VALLEY TO BE WILD FOR FLOWER LOVERS, BAD FOR ALLERGY SUFFERERS HEAVY WINTER RAINS ALSO BRING FIRE THREAT
January 9, 2005
Section: VALLEY & State
Edition: Final Chaser
Page: B1
VALLEY TO BE WILD FOR FLOWER LOVERS, BAD FOR ALLERGY SUFFERERS
HEAVY WINTER RAINS ALSO BRING FIRE THREAT
Diana Balazs, The Arizona Republic
Load the camera, grab that garden hoe and stock up on tissue. The Valley's wet weather guarantees a spectacular wildflower display this spring but also a severe brush fire and allergy season.
Experts at the Desert Botanical Garden in Phoenix predict the wildflower season could rival the last good show in 2001.
"I would think with the rains that we've gotten and the spacing of them that it should be pretty comparable," said Kirti Mathura, a horticulturist with the garden.
Mathura predicts plenty of blooming poppies this year, as well as lupine, brittlebush, owl clover, blue dick, chuparosa, and fairy duster.

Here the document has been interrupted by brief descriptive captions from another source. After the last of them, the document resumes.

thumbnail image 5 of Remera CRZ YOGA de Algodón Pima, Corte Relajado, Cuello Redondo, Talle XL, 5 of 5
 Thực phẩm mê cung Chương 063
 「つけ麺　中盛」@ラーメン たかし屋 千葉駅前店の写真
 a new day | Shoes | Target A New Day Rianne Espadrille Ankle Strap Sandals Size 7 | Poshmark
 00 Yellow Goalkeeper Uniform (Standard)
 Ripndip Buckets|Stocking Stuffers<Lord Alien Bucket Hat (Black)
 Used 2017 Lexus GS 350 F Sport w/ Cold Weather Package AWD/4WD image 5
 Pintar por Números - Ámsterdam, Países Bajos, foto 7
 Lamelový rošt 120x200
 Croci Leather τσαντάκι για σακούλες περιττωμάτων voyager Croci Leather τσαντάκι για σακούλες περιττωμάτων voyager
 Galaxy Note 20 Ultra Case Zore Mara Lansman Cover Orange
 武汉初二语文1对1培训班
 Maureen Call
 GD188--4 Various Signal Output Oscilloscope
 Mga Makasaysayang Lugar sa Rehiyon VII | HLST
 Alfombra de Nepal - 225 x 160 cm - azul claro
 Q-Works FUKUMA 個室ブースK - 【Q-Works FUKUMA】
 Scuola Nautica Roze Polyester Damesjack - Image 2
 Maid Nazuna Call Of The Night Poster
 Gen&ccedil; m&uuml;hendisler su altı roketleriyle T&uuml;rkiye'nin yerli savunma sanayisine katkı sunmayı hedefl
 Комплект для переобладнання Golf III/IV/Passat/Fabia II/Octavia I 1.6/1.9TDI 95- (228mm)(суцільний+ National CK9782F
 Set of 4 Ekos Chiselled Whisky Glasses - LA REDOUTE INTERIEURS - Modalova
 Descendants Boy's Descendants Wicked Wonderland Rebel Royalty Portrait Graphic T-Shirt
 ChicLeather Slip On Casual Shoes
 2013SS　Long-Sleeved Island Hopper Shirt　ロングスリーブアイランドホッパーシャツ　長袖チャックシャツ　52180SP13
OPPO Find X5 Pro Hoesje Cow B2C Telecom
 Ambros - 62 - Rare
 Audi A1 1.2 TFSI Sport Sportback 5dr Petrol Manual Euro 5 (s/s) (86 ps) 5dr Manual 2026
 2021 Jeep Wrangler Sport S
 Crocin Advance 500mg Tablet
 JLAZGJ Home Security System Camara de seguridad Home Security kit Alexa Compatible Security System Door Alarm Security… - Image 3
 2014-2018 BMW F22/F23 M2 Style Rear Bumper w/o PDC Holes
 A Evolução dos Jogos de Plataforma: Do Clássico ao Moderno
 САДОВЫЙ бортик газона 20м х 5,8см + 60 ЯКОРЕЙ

Angelica Elliot is the curator of wildflowers at the Desert Botanical Garden. In the past, she had to water the garden's two-mile wildflower trail to guarantee blooms. This fall, she watered after sowing the trail's seeds in October and hasn't since.
"With this rain that we got last week, there is still stuff coming up that I didn't see before," she said.
Bob Khan, a Phoenix Fire Department assistant chief, predicts a busy brush fire season when the rain-fed desert growth dries out. Last year, Phoenix responded to 674 brush, grass and field fires, most caused by discarded smoking materials such as cigarettes or children playing with matches, he said.
Khan anticipates more campaign fires, which last a day or longer, involve more than 10 acres and require a lot of staff and equipment to control.
"The conditions are ripe for campaign fires. We hope we can get in front of it and keep them small and minimize the damage," he said.
Residents can protect their properties by clearing a 30-foot firebreak around their homes, Khan said. That includes ridding yards of desert grasses, which have sprouted from the storms.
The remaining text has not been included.